The study, published in the journal Evolution and Human Behaviour, found the fear of men being harmful to their children was a greater factor in how women chose men, than education and health.
Bogota, the Columbian capital, was chosen as the test site because it is one of the most violent nations in the world - its homicide rate per 100,000 inhabitants was 30.8 compared to 1.0 in the UK.
The study measured the preferences of men and women from Bogota, and surrounding small towns and also asked them several questions related to health, access to media, education, and exposure to violence.
Martha Lucia Borras-Guevara, who led the research, said: “We found that men and women who strongly believed that men are dangerous to their children preferred less masculine male faces, although this effect was only significant for women.”
“We might have only found a significant effect for women’s preferences since women, relative to men, invest more time and energy in their offspring, hence there would be a strong selective pressure to recognise any facial cues in men that relate to a violent or dangerous disposition.”
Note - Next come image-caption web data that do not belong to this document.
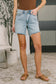 Evelyn Mid Rise Rigid Magic Dad Shorts by Judy Blue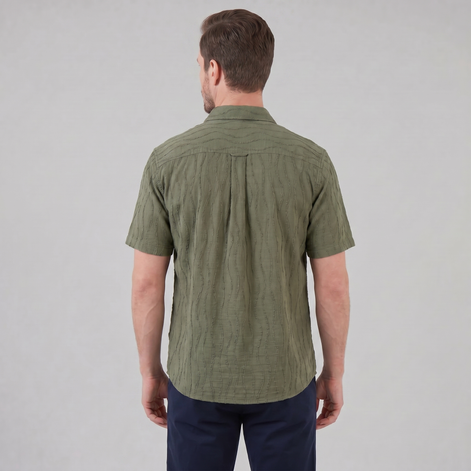 Herren Minimalistisches Wellen-Sommerhemd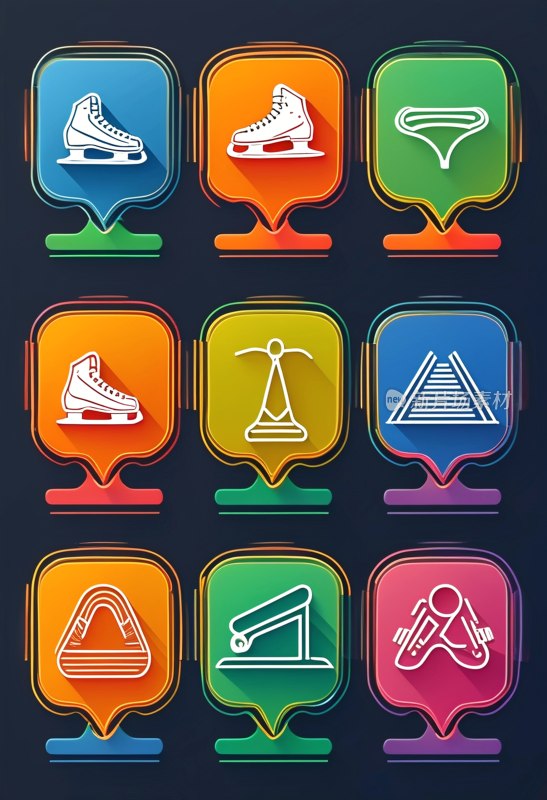 运动游戏图标集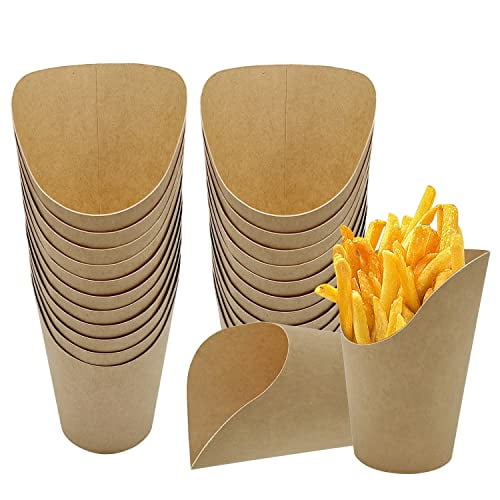 4 oz. Paper French Fry Scoop / Container - 50/Pack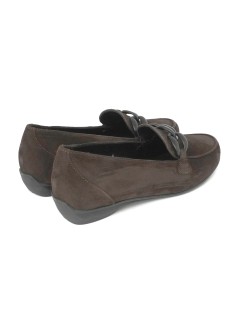 Les Naturels De Fabien Mocassino Accessorio Camoscio Cioccolato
Previous studies have suggested masculine men may be effective protectors for women when they feel at risk.
However, these studies have ignored the fact that when women prefer a more masculine man, they may also put themselves at risk of increased antagonistic behaviours in the context of a romantic relationship.
Dr Carlota Batres said: “More masculine men have been found to be more aggressive and therefore, in places where partner violence is high, women would benefit from preferring more feminine male partners.”
Professor David Perrett, who runs the Perception Lab, said: “These findings hint at different effects of domestic violence and/or violence outside the home on masculinity preferences. Moreover, these preferences may reflect women’s strategy to avoid male violence, demonstrating that exposure to violence influences who we find attractive.”